Second, the CPUC administers an integrated resource planning (IRP) process that oversees and directs the procurement of new resources by the state’s LSEs. The IRP process determines required capacity procurement volumes in line with state targets, in a least-cost manner and while preserving overall resource adequacy and system reliability. Over the multiyear IRP process, LSEs submit resource procurement proposals to the CPUC. These proposals are then reviewed; stakeholder comments are solicited; proposals are altered, if necessary; and proposals are confirmed as binding orders by the CPUC. The most recent cycle, finalized in February of 2024, ordered an additional 19 GW of solar, 15.7 GW of four-hour lithium-ion batteries, 2.8 GW of eight-hour lithium-ion batteries, 0.5 GW of long-duration storage, and 4.5 GW of offshore wind by 2035.

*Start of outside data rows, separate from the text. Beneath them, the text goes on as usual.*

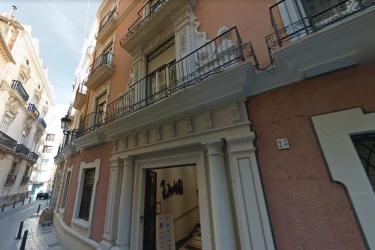 Residencia para Personas Mayores Dependientes Ballesol I
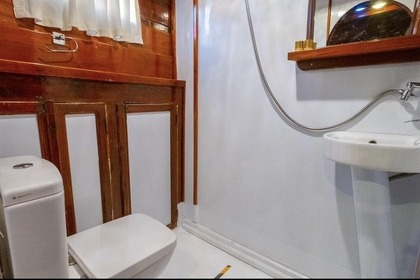 Ενοικίαση Γουλέτα Turkish Gulet Builder Ketch Bodrum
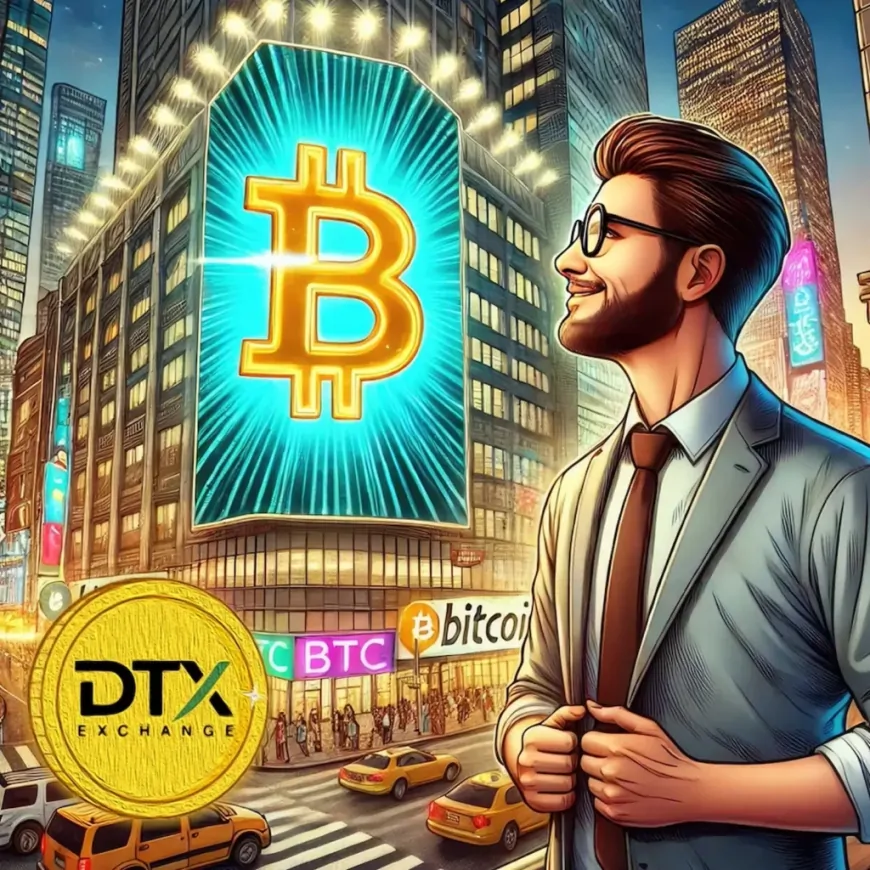 Bearish Trends Dominate BNB & Toncoin Price Forecast While DTX Exchange Stays Top ICO of 2024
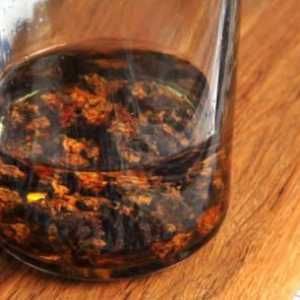Vodeni ekstrakt propolisa u vodi schungite
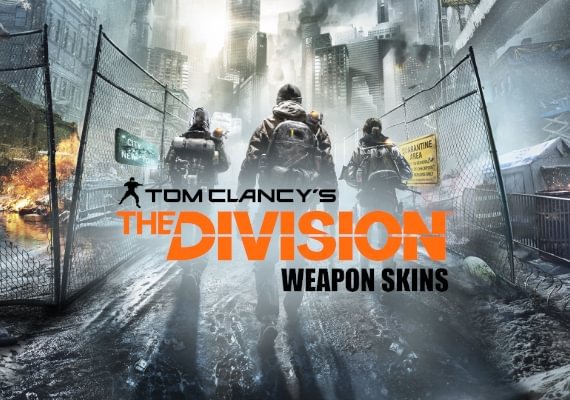 Tom Clancy's The Division - Weapon Skins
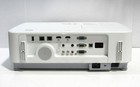 Nec Np-p554u 3lcd Wuxga Projector 5300 Lumens 1805 Lamp Hours Tested Working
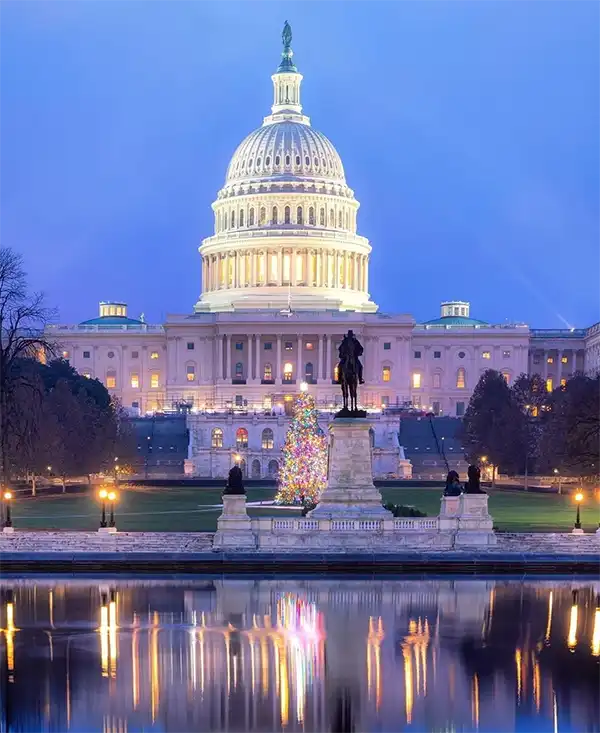 Washington, D.C.: A Travel Guide Blending History, Culture, and Modern Charm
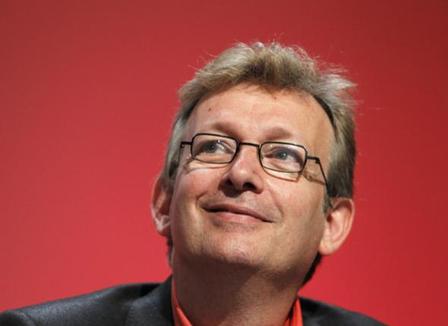 Pierre Laurent succède à Marie-Georges Buffet à la tête du Parti Communiste 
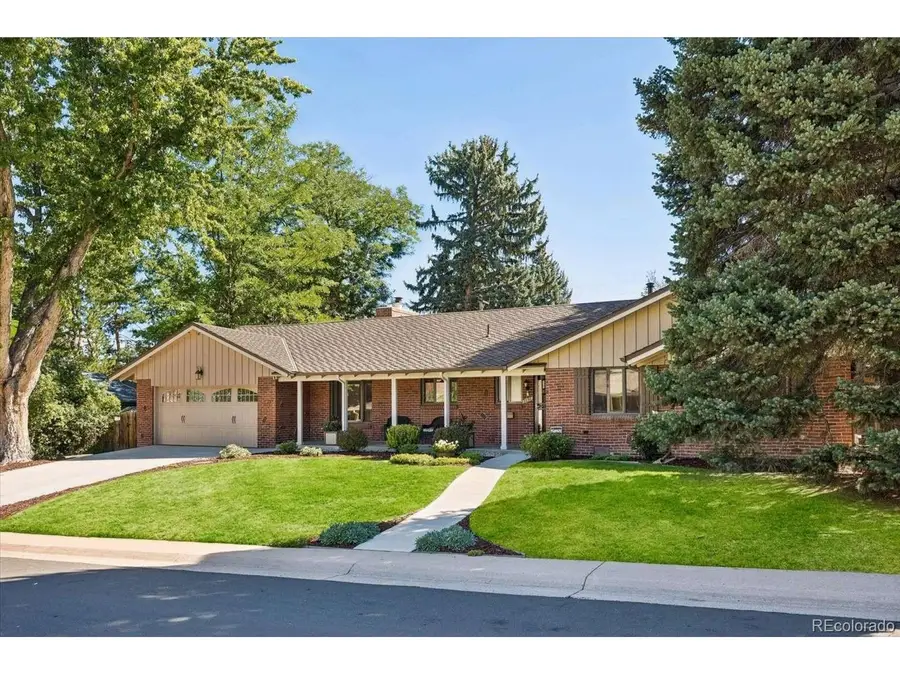3196 S Saint Paul St, Denver, CO 80210 - #3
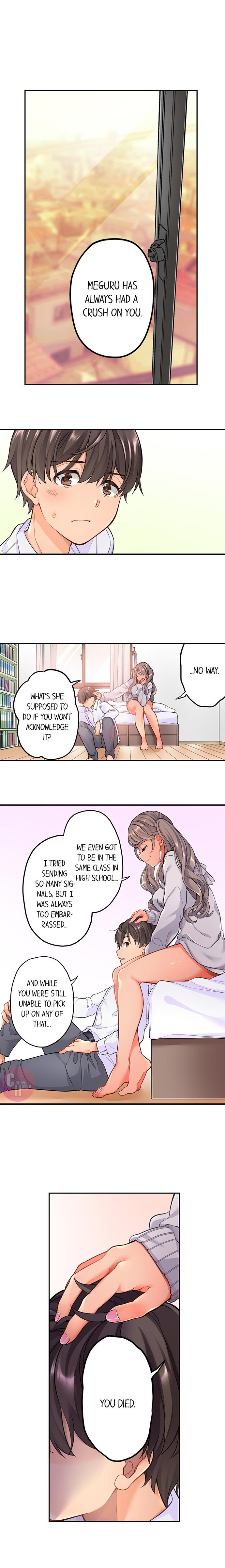 My Friend Came Back From the Future to Fuck Me page 25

Third, the CPUC administers a resource adequacy (RA) program, which functions similarly to capacity markets operated in other U.S. power markets. Under this program, the CPUC orders California LSEs to procure sufficient (defined) capacity on a forward basis equivalent to their forecasted peak demands for upcoming years. This program is a key driver of storage deployment because it creates demand for the RA volume (in MW) of a battery project. Furthermore, the program creates a secondary revenue stream for storage assets beyond the energy value of the project, improving the financial viability of projects.

California Procurement Practices

The combined effects of these policy mechanisms are large volumes of renewable and battery storage capacity deployment. The RPS, IRP, and RA policy mechanisms mandate procurement volumes, while granting considerable leeway to LSEs on the exact specifications and configurations of resource procurement. This allows LSEs room to procure necessary resources in whatever configuration is most beneficial to their portfolios and lowest cost for developers to deliver.

For example, the IRP process mandates large volumes of renewables and storage procurement but includes no requirement to directly connect renewable generation with storage resources. Eventually, of course, variable renewable output must be balanced with storage and other generation resources, but this is CAISO’s responsibility in its role as the balancing authority through normal market dispatch procedures.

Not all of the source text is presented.